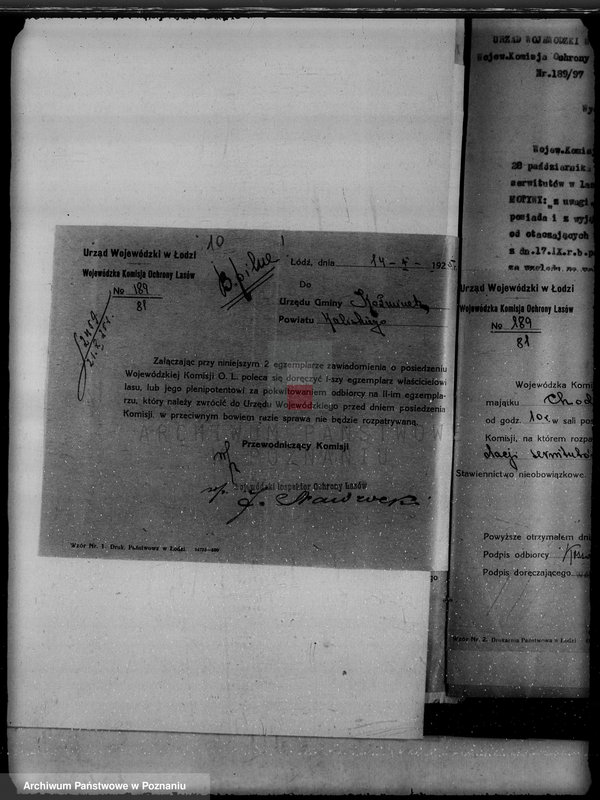 Obraz 14 z jednostki "Gmina Koźminek powiat kaliski /sprawy leśne/"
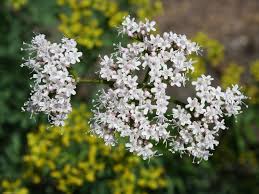 Image result for Baldrian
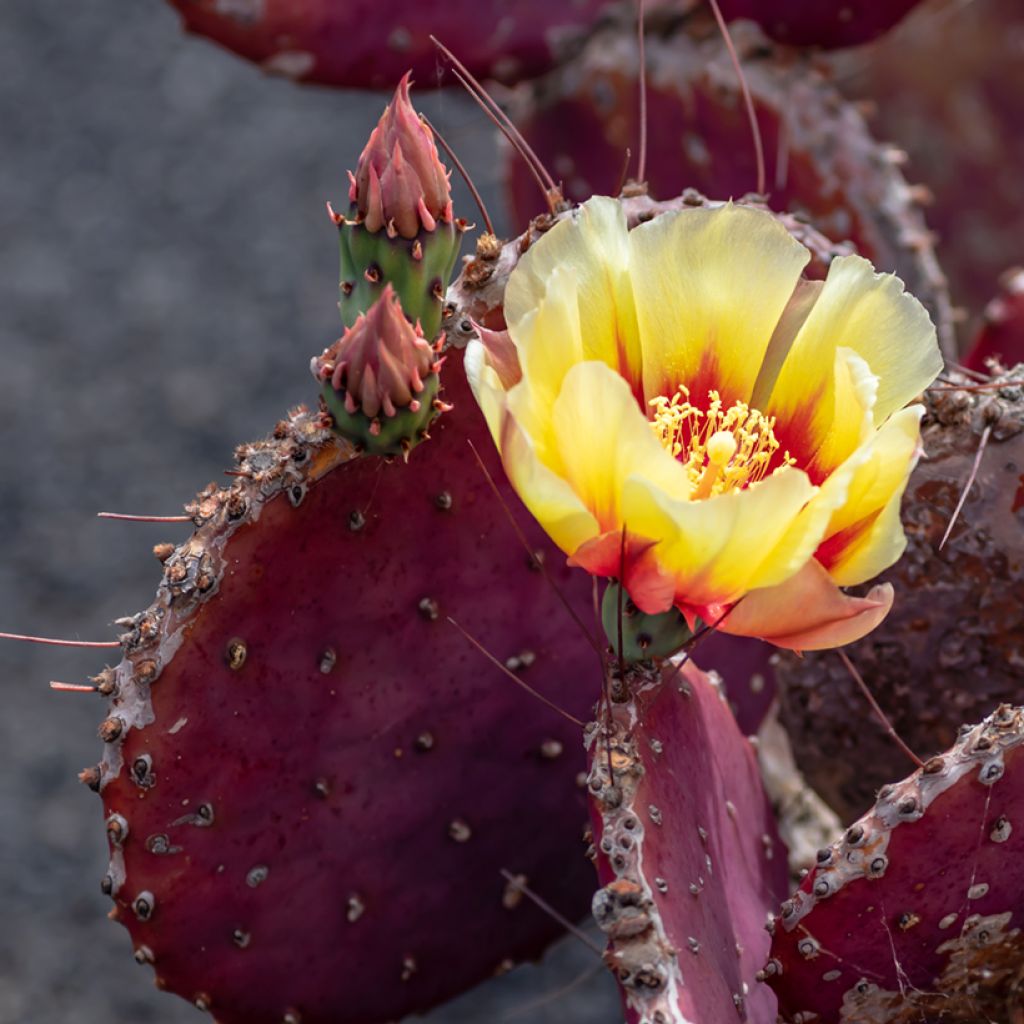 Opuntia macrocentra- Cactus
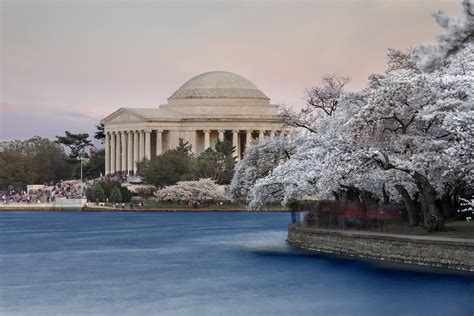 Jefferson Memorial Peak Bloom Washington Dcs Jefferson Me Flickr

────────────────────────────────────────

## [How to complete this task]
Exclude every picture and restate the listing word for word.

## [Problem solution]
 Obraz 14 z jednostki "Gmina Koźminek powiat kaliski /sprawy leśne/"
 Image result for Baldrian
 Opuntia macrocentra- Cactus
 Jefferson Memorial Peak Bloom Washington Dcs Jefferson Me Flickr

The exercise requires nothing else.